I was wrong , it was Home Depot, but regardless, I think ,if I do make a purchase, I may be going for a quad. I would not even have considered a machine, cause I look at walking to my spot as my winter exercise ,but my wife brought it up, ( weird). and 3300 wasn't a budget, it is just my wife said she was surprised they were so cheap , ( window opened?)


----------



## USMarine2001 (Feb 23, 2010)

Get a vehicle that you will get the most use out of. Quad, side by side, sled. Some quads can weigh as much as a decked out side by side and side of the newer side by side and in the 600-700 lb range maybe less


----------



## Scottygvsu (Apr 19, 2003)

Martian said:


> I was wrong , it was Home Depot, but regardless, I think ,if I do make a purchase, I may be going for a quad. I would not even have considered a machine, cause I look at walking to my spot as my winter exercise ,but my wife brought it up, ( weird). and 3300 wasn't a budget, it is just my wife said she was surprised they were so cheap , ( window opened?)[/
> 
> I would take that as the windows opened to get a new Yamaha Viking with tracks!!! With a side by side you can tell the Mrs. that you can both enjoy it, it's not just a toy for you&#128537;. Problem is, you can buy a heck of a nice pickup for the cost of a new UTV.


----------



## jabelism (Oct 29, 2011)

Get a used Argo or Maxx


----------



## Martian (Apr 28, 2011)

jabelism said:


> Get a used Argo or Maxx


I actually have a deal going with a guy with a quad Honda w/ snow plow that has been pole barn kept, ,so my walking to my ice spot may stop this year, I used to live in brownstown, Sibley and I-75 area


----------



## Chevyguy28 (Dec 29, 2010)

Martian said:


> I was wrong , it was Home Depot, but regardless, I think ,if I do make a purchase, I may be going for a quad.

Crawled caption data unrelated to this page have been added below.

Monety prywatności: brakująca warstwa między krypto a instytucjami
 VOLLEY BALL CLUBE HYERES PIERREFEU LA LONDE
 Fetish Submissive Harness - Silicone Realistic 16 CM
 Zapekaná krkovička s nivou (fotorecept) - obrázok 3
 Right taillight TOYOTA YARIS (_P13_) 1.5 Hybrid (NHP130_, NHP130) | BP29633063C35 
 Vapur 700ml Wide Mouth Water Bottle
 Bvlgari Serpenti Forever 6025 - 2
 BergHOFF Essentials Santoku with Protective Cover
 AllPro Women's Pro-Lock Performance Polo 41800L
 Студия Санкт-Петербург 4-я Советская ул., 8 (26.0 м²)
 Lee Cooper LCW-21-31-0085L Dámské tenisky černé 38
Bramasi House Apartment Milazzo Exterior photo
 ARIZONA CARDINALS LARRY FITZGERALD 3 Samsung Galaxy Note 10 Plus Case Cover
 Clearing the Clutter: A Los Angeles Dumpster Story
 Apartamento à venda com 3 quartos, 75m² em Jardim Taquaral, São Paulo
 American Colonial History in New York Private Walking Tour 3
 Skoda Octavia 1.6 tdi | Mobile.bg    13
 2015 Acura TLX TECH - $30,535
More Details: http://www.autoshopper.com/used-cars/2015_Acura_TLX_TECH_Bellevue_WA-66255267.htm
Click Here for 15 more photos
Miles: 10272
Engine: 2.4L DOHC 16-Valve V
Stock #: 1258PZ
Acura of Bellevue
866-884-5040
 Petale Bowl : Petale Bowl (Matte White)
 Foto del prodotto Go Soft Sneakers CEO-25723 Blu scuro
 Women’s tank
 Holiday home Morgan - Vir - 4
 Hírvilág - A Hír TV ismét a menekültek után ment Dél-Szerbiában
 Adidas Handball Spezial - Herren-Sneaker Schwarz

I would not even have considered a machine, cause I look at walking to my spot as my winter exercise ,but my wife brought it up, ( weird). and 3300 wasn't a budget, it is just my wife said she was surprised they were so cheap , ( window opened?)



That's not just a window! That's a whole door!!


Sent from the treestand.


----------



## zoombaiter25 (Oct 27, 2011)

Get yourself a cheap quad off craigslist. Side by side would be overkill IMO


----------



## jabelism (Oct 29, 2011)

I live off Van Horn and telegraph area. I have a quad but love going in a buddies Argo


----------



## perchsnatcha (Jan 21, 2011)

^^^^^ me too!!!!!!


----------



## rlister (Jan 9, 2013)

Be prepared, buy one of each!


Sent from my iPhone using Ohub Campfire


----------



## agate man (Jan 25, 2014)

The most cost effective approach would be a 2 up snowmobile with studs. You could get a good used one for under 2500. I currently have the Polaris X2 4x4 quad with chains and it was nearly useless this past winter. I actually sold my snowmobile thinking the quad would be better. I was wrong. If you are serious about getting around in west/north west Michigan with snow/slush get the snowmobile and make sure it has studs. Made the mistake of not having studs on my first sled. It was a no go trying to haul my clam in the slush.


----------



## Fowlersduckhunter (Oct 28, 2011)

If you get a 2 wheel drive and take it on the ice, you will never forgive yourself. I've buried 4x4s in slush/snow before. Better to spend a little more on 4.


----------